Saat itu, saya berkesempatan mengikuti Kuliah Kerja Nyata (KKN) di Desa Bolong, Kecamatan Lamasi, Kabupaten Luwu.
Saya sangat berterima kasih kepada sejumlah nama yang memberi masukan dan dukungan selama masa KKN tersebut.
Di antaranya adalah Pak Imran, Ketua P2KKN dan teman bermain tenis saya di Tamalanrea. “Kau mau KKN di mana Kama’?” terkenang pernyataan Pak Imran di lapangan tenis.
Juga ada nama Pak Tadjuddin Parenta, dosen Fakultas Ekonomi Unhas yang juga kerap menjadi partner main tenis. Pak Tadju dan Pak Imran sempat menitip uang untuk saya saat mereka dalam kunjungan ke desa bersama Rektor Basri Hasanuddin kala itu.

“Mana di sini namanya Kama?
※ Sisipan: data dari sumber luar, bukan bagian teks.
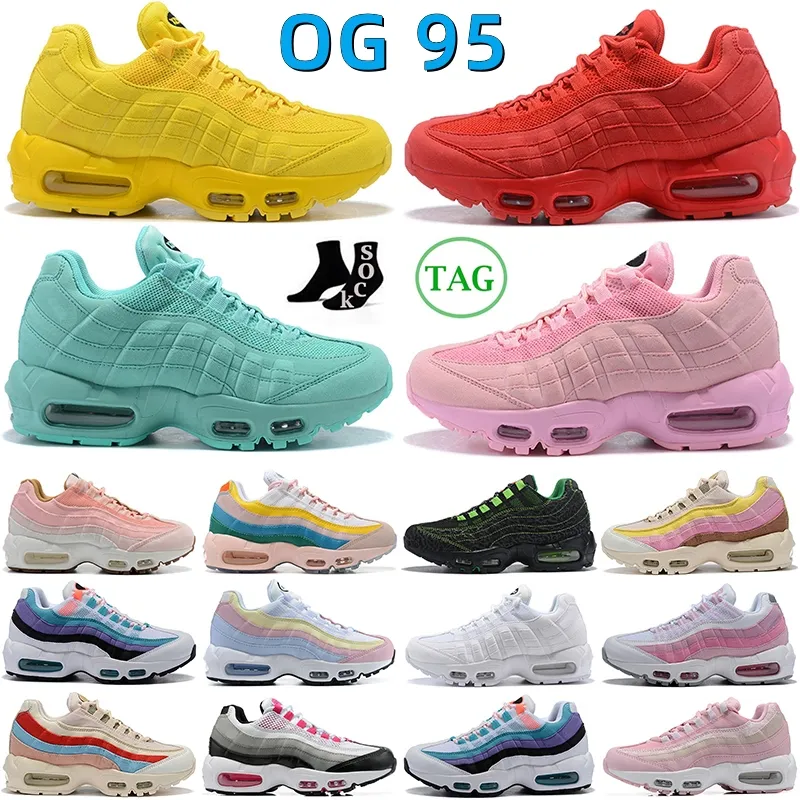 2024 OG 95 Designer Running shoes Triple Pink White Gradient 95s Red Next Nature Rise Unity Ghost Pastel Yellow WMNS Cork Suede Aqua Cork Pink Womens Sport Sneakers T9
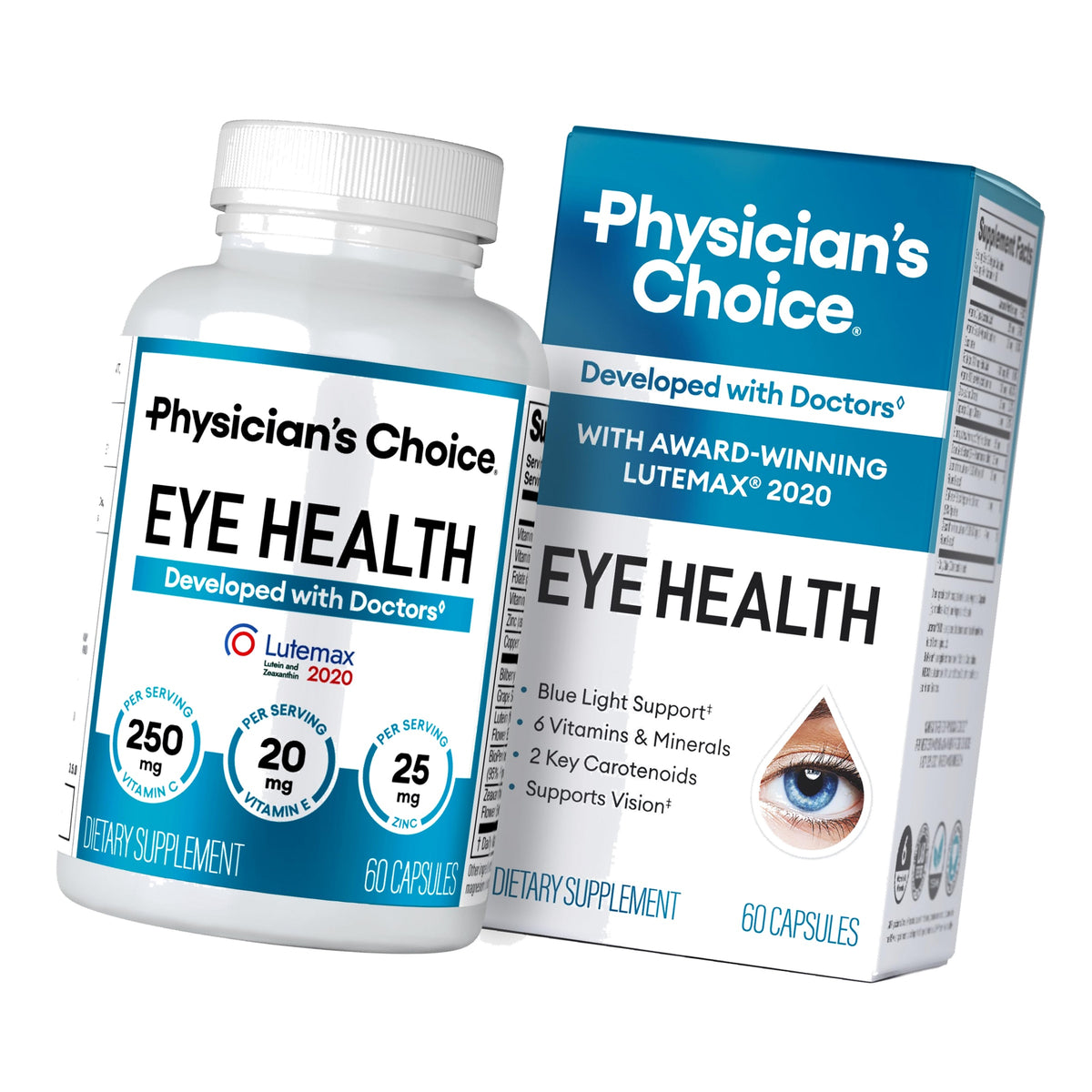 Physician's Choice Eye Health - Lutein, Zeaxanthin & Bilberry Extract - Supports Eye Strain, Dry Eyes, and Vision Health - 2 Award-Winning Clinically Proven Eye Vitamin Ingredients - Carotenoid Blend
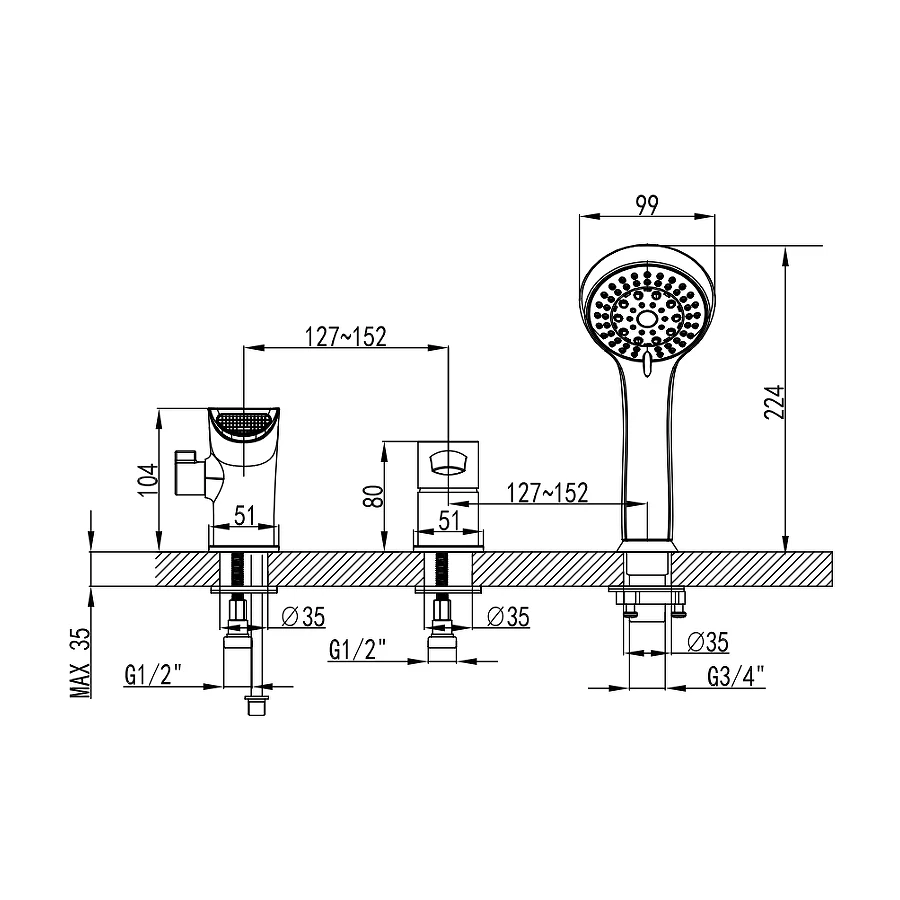 Смеситель для ванны Lemark Atlantiss LM3245C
Diajak main tenis sama Pak Imran,” kata Pak Kahar Lahae, malam itu di depan rumah kami.
Pak Kahar Lahae adalah supervisor KKN kami yang senantiasa membimbing dengan bijaksana.
Beberapa teman satu tim KKN yang masih saya ingat antara lain Basri Bohari dari Fakultas Pertanian angkatan 1989, yang saat itu tinggal di samping IMMIM Tamalanrea.
Ada juga Andi Asrianti dari Fakultas Ekonomi, Wahyuddin dari FISIP, serta Elwi dari Fakultas Teknik. Selain mereka, ada dua rekan lainnya yang, mohon maaf, namanya luput dari ingatan saya. Kalau tidak salah ingat dari Fakultas Kedokteran 88, Herni dan Sukri dari Sastra, semoga tidak keliru.
Kami menetap di sebuah rumah di belakang Kantor Koramil Batusitanduk, sementara kantor desa berada di sisi utara Desa Bolong.
Ada sejumlah warga yang masih saya ingat dari Batusitanduk, seperti keluarga Pagesongan, Ilham, Nani, dan keluarga Kararok. Dan tentu saja, Pak Kepala Desa saat itu—semoga saya tidak keliru—Pak Suwardi.
Kenangan di Batusitanduk begitu lekat dalam benak. Kami biasa mandi berjemaah di kanal irigasi, di Sungai Lamasi dan Irigasi Lamasi.
Aroma durian, suara riak Sungai Makawa, ternak itik, kolam-kolam ikan, serta bunga-bunga yang bermekaran di sepanjang jalan poros Palopo–Masamba, semua itu menjadi potongan ingatan yang hangat dan berwarna.
Dan inilah kami—wajah-wajah muda yang penuh semangat dalam bingkai waktu yang tak bisa kembali. Dalam foto ini, dari kiri ke kanan: Elwi, Basri, Wahyu, Anti, dan saya sendiri.